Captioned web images
-*-*-

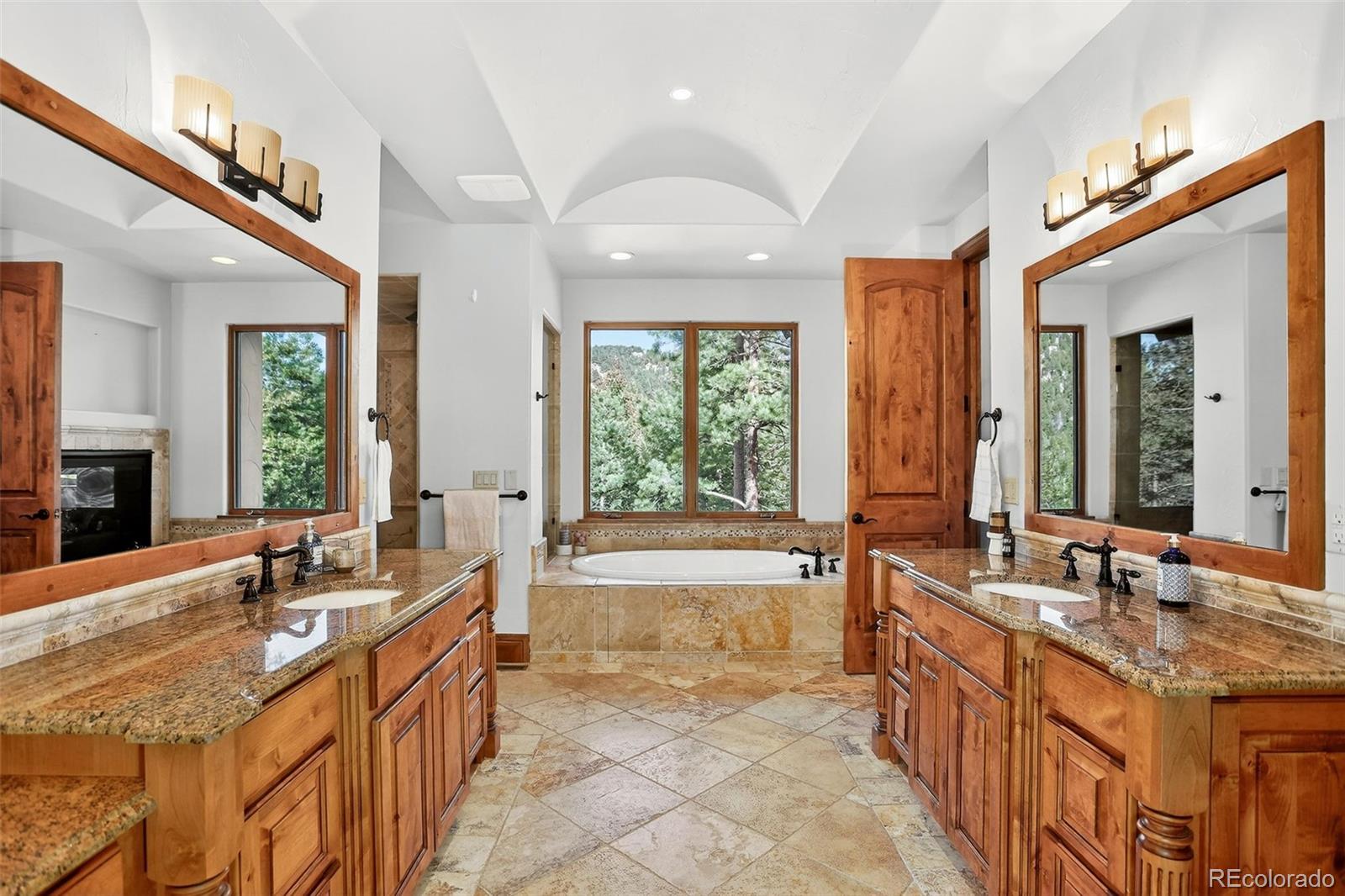 6136 Stone Creek Drive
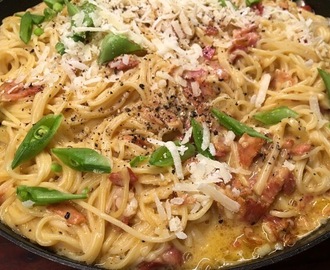 Värmande spagetti o baconpanna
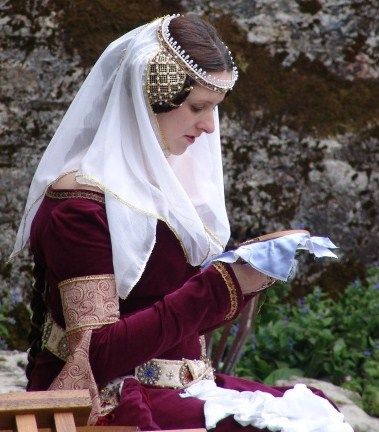 circlet and veil | Medieval fashion, Medieval hats, Medieval clothi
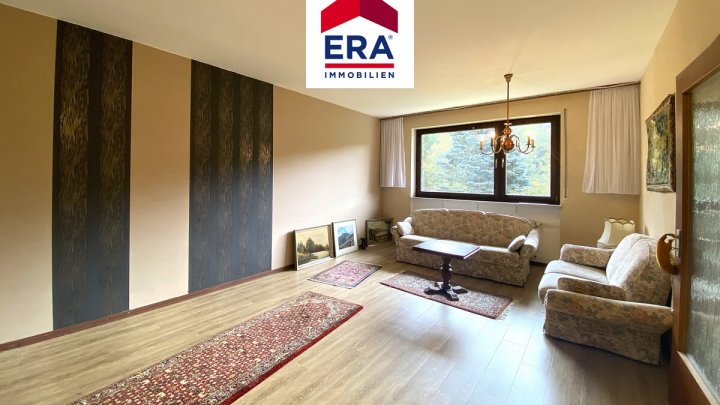 ZU VERMIETEN !! 3ZKB-WOHNUNG/1. OG MIT BALKON, IN GROSSROSSELN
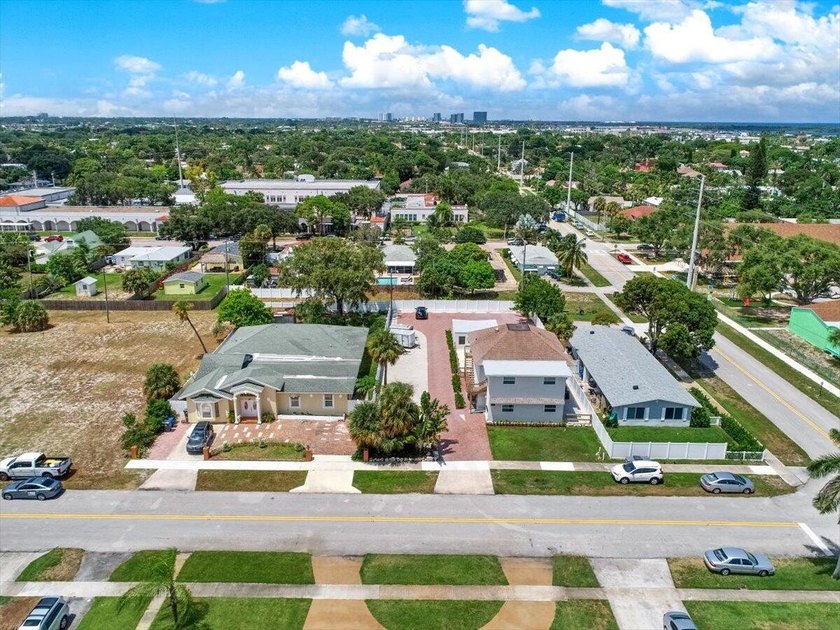 Discover this exceptional 5-unit apartment property, a rare - photo 35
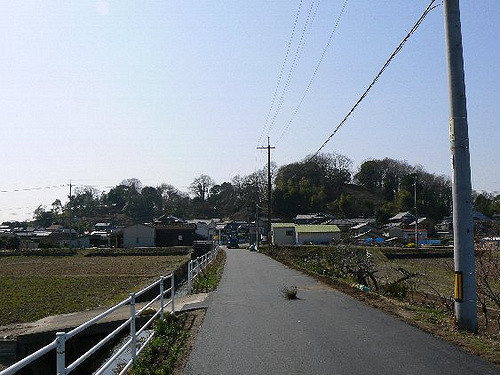 2008/5GW【岡山香川】吉備イワクラだらけで桃太郎の謎ツアー【吉備津神社、吉備中山磐座群、夜泣石、楯築遺跡、備中国分寺、田倉牛神、閑谷学校、熊山、牛窓、鬼ノ城、倉敷、鬼無、女木島、銭形】_b0116271_16073903.jpg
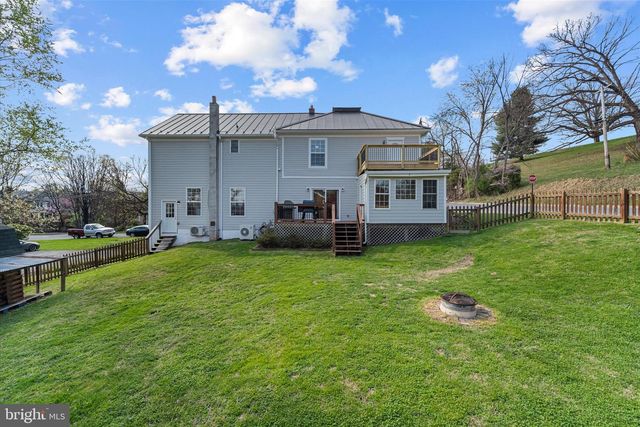 125 W 4TH ST, Front Royal, VA 22630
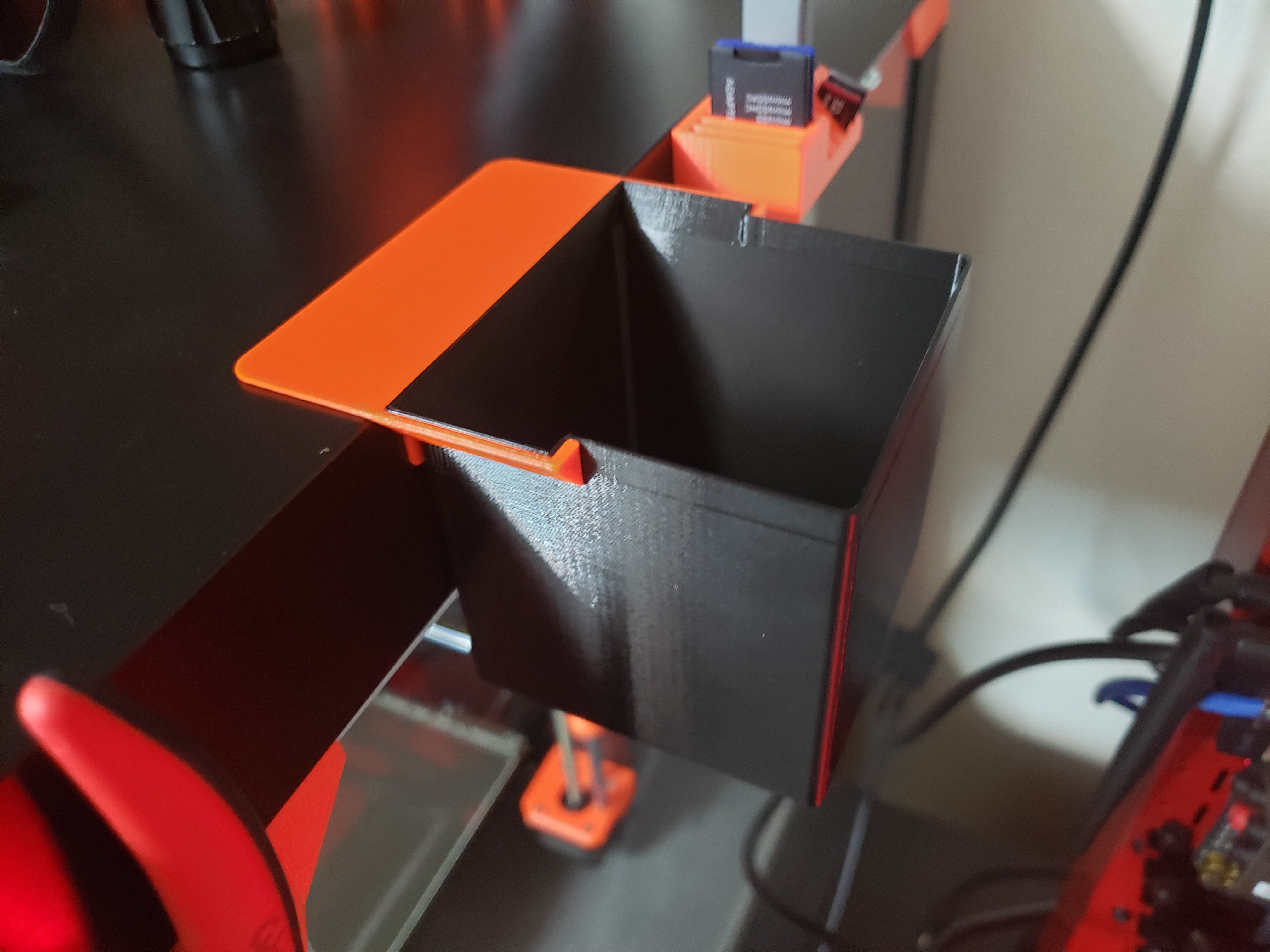 Scrap Bin for Lack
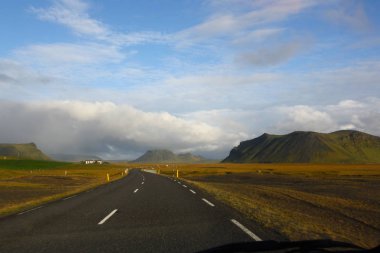 İzlanda 'da sonbahar, dağ sırtı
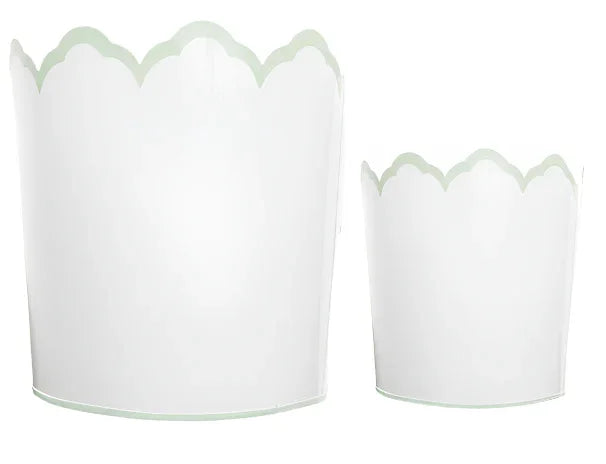Jardinière et corbeille à papier en seau blanc et vert pâle à bord festonné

-*-*-

▶ **EXERCISE GOAL**
Pictures are to be left out; the records above must be repeated word for word.

▶ **SOLUTION FOR THIS EXERCISE**
 6136 Stone Creek Drive
 Värmande spagetti o baconpanna
 circlet and veil | Medieval fashion, Medieval hats, Medieval clothi
 ZU VERMIETEN !! 3ZKB-WOHNUNG/1. OG MIT BALKON, IN GROSSROSSELN
 Discover this exceptional 5-unit apartment property, a rare - photo 35
 2008/5GW【岡山香川】吉備イワクラだらけで桃太郎の謎ツアー【吉備津神社、吉備中山磐座群、夜泣石、楯築遺跡、備中国分寺、田倉牛神、閑谷学校、熊山、牛窓、鬼ノ城、倉敷、鬼無、女木島、銭形】_b0116271_16073903.jpg
 125 W 4TH ST, Front Royal, VA 22630
 Scrap Bin for Lack
 İzlanda 'da sonbahar, dağ sırtı
Jardinière et corbeille à papier en seau blanc et vert pâle à bord festonné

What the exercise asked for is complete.